To identify and characterize the transcriptome of M. falcata roots under low-temperature stress, we measured the roots under room temperature (CK), 4 °C, 0 °C, − 5 °C, − 10 °C and − 15 °C for 2 h by combining the PacBio SMRT and NGS technologies for whole-transcriptome profiling. In total, 125.48 Gb of clean data were obtained by RNA-seq, yielding 418,495,643 reads (with a GC content of 42.61% and a QC 30 of 87.55%) (Additional file 1: Table S1). A total of eight SMRT cells were used for the three libraries at three size ranges, 1–2 kb, 2–3 kb, and 3–6 kb, yielding 19.27 Gb of clean data. A total of 1,202,336 polymerase reads were obtained, and the polymerase reads containing fragments that were less than 50 bp in length and with a sequence accuracy lower than 0.75 were subsequently filtered and removed. A total of 8,428,385 subreads were then obtained by filtering the remaining sequences from the linkers, the linker sequences and the subreads with fragments less than 50 bp in length (Table 1).

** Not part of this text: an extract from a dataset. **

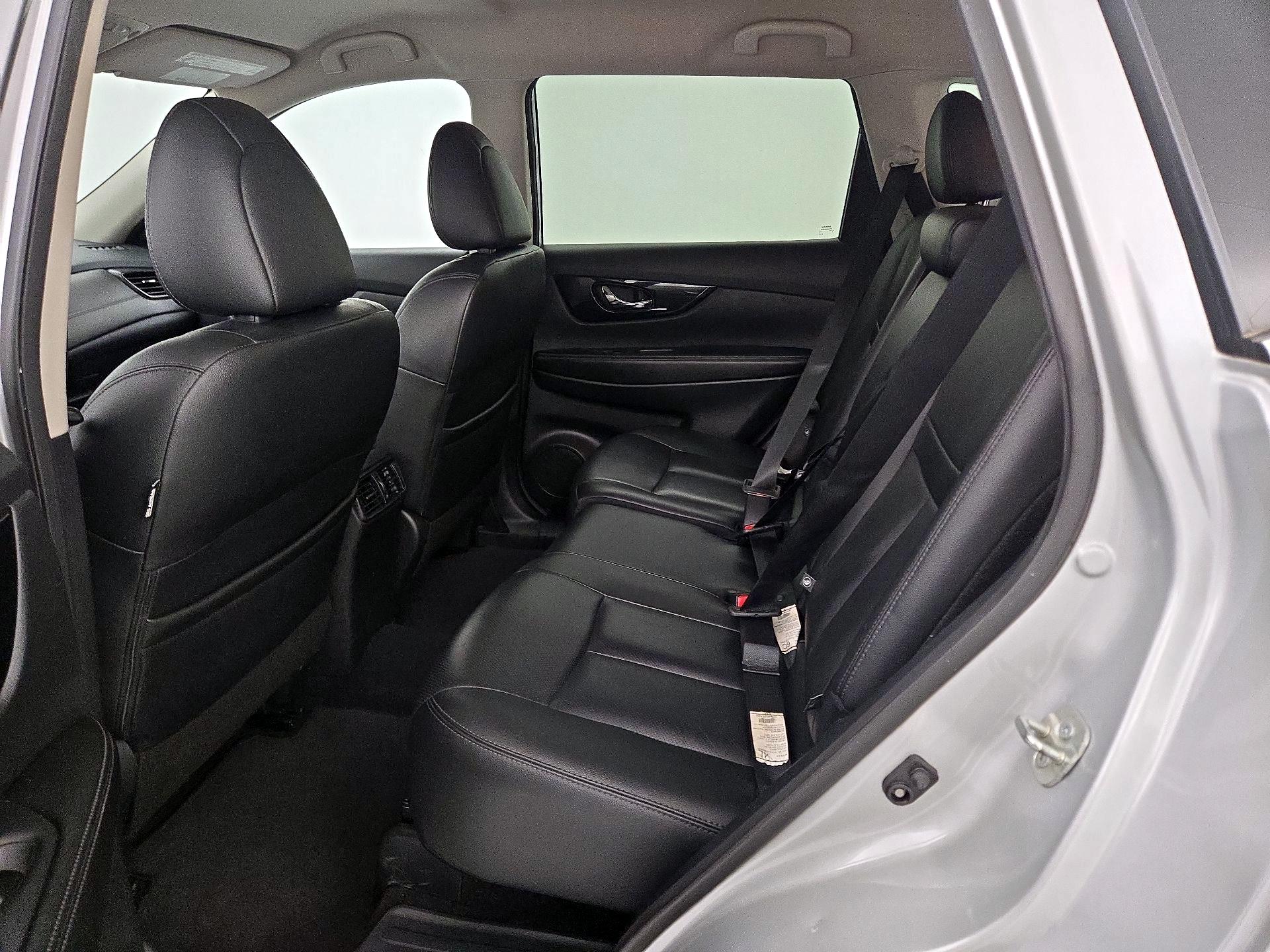 Thumbnail: 2020 Nissan Rogue - 19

A total of 552,818 reads of inserts (ROIs, of which 270,750 were full-length nonchimeric reads (FLNCs), and 223,319 were non-full-length reads, were extracted from the original sequence (Table 1). The full-length sequences were clustered via the RS_IsoSeq module of SMRT Analysis software. A total of 131,118 consensus isoforms were obtained; 99,490 high-quality isoforms were obtained via non-full-length sequence alignment, and 31,628 low-quality isoforms were obtained and corrected via RNA-seq data. Any redundancy within the high-quality and corrected low-quality transcript sequences of each sample was eliminated by CD-HIT software, and 115,153 nonredundant sequences were obtained. On the basis of the nonredundant sequences of each sample, we predicted a total of 8849 alternative splicing (AS) events via the IsoSeq_AS_de_novo script (Additional file 2: Table S2); 73,149 simple sequence repeats (SSRs) via the MIcroSAtellite identification tool (Additional file 3: Table S3); and 4189 long noncoding RNAs (lncRNAs) with the coding potential calculator (CPC), coding–non-coding index (CNCI), coding potential assessment tool (CPAT), and Protein family (Pfam) database information (Additional file 4: Figure S1).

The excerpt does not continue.